I am missing something obvious? To be clear (unless I’m being dumb) I don’t think this is a bug per se, however it does seem to me this should be documented. I haven’t been able to find out anything about it.

So I guess my workaround would be to assign a different PK to my fields, however that can get tricky as some will start at 1 already… I can’t use a very high value either because I’m using an explicit primary key with AutoField, whose behavior it is to look for the highest existing PK in a table and increment new objects from there.

I guess I could use a negative pk for orphans, AutoField does allow signed integers, however… I’m a little worried this could have unintended side effects somewhere, just because by convention negatives aren’t really used? Potentially if the db in the backend is ever changed, some db may or not handle that differently (depending what auto-field maps to I guess).

After some more test: indeed, I just created a new Product with pk=-1. Then I updated all fk_produit in the child from that were set to pk=0 to that new dummy pk=-1. I re-imported the fixtures.

Then the inlineforms in my CreateView are as expected - e.g. a single extra form, as I specified in its definition…

Okay, turns out that creating a dummy object with pk=0 is NOT a good idea at all in django. I causes another issue that cannot be solved - at least if you’re using AutoField(primary_key=True).

The issue is that when trying to save a new object, django ALSO creates this pk=0 None None… object.
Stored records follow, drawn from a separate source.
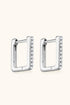 Sparkala™ Geometric Platinum-Plated 925 Sterling Silver Earrings by Sparkala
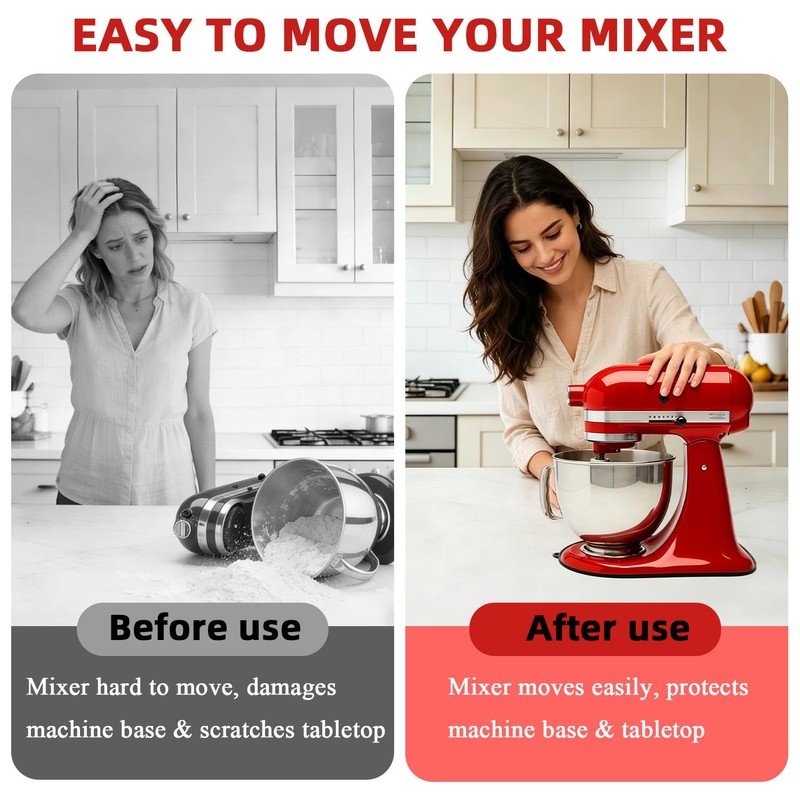 Mixer Slider Mat for KitchenAid 4.5-5 Qt Tilt Head Stand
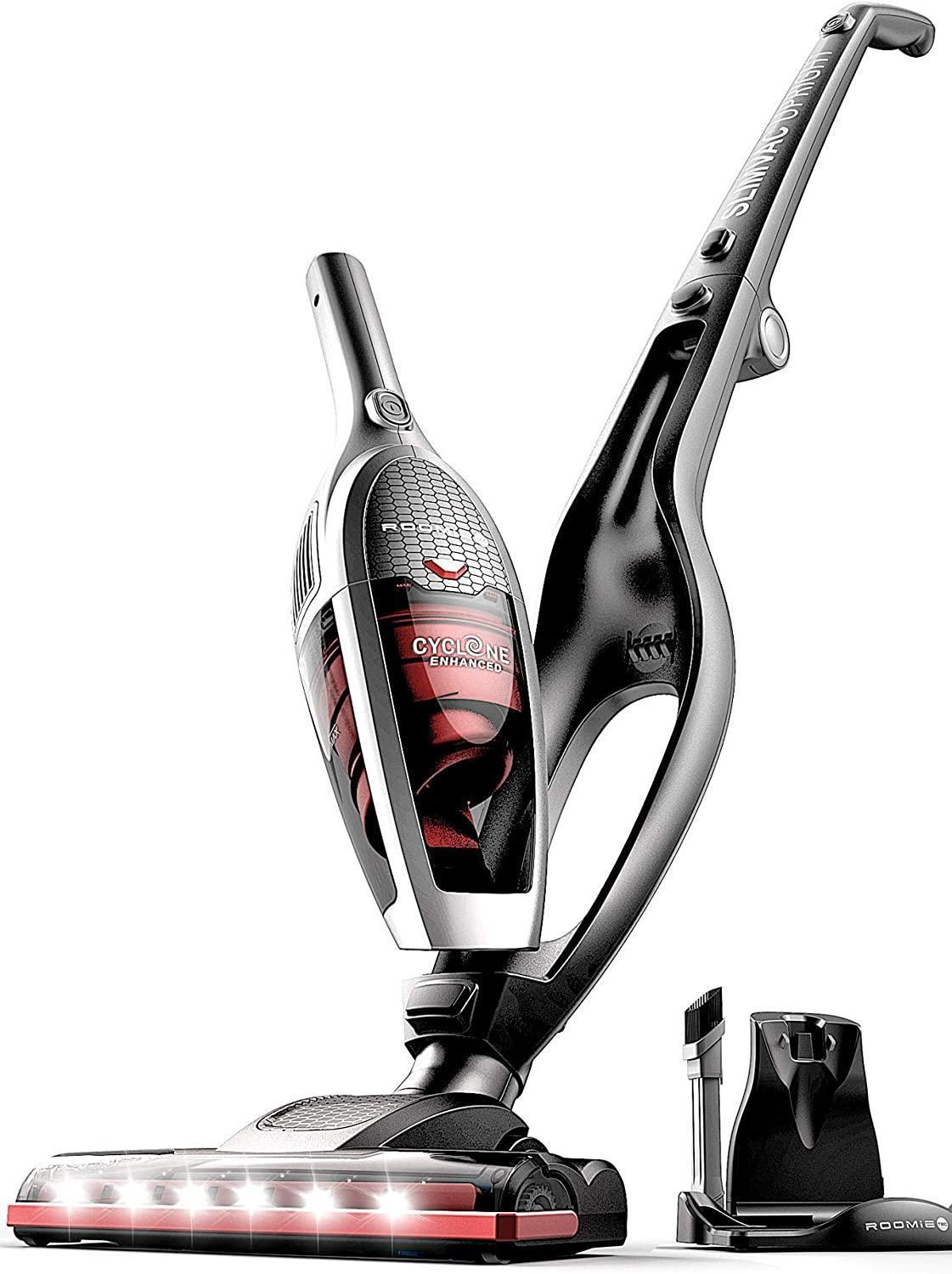 Roomie Tec Cordless Vacuum Cleaner, 2 in 1 Handheld Vacuum, High-Power 2200mAh Li-ion $99.99 MSRP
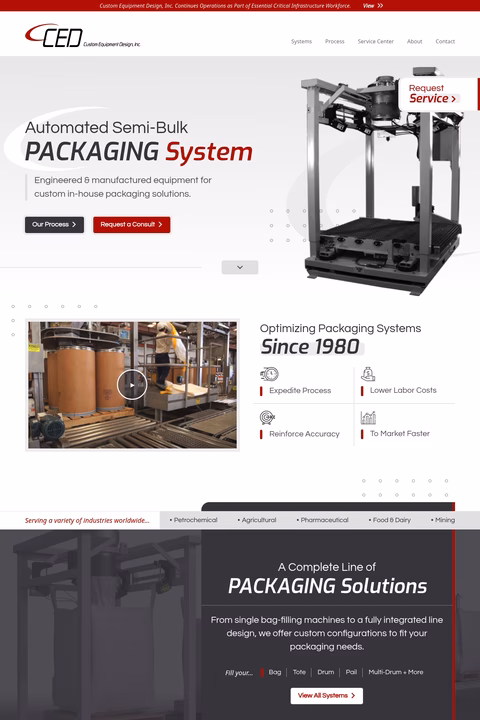 Custom-Equipment-Design Homepage 1440px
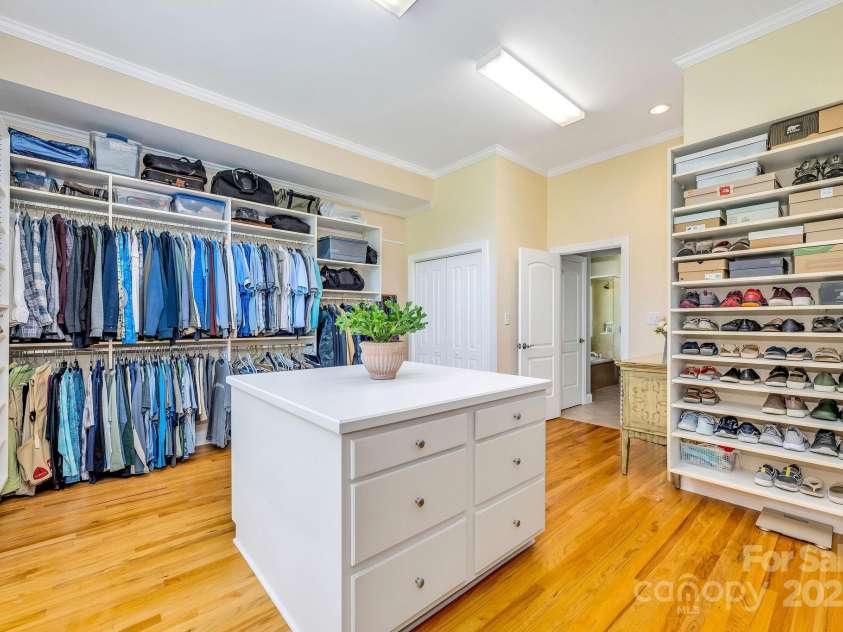 101 Cabana Drive, Mooresville, NC 28117.  MLS# CAR4293731, YatesRealty ID 35535. Largest walk in closet that you'll find. This definitely qualifies as a dressing room.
If you already have an instance in your db with pk=0, then you’re out of luck, because the Model class from base.py (from which your own model classes inherit) also uses that intermediary instance. Thus it will fail unique=True check (for primary keys).

Okay, turns out I’m just an idiot.

I had initially tested using a default value on that AutoField (default= being one of the available kwargs for that field as well). I ended up remove that, except on that one class that was causing the issue. Only then did I import my fixtures, with my placeholders as pk=0.

Hence why Django, upon saving, insisted on created an object with pk=0 as default value - I had told it to do so.

So importing fixtures with pk=0 is probably fine, even if using AutoField. As long as not using the default=0 as well I guess.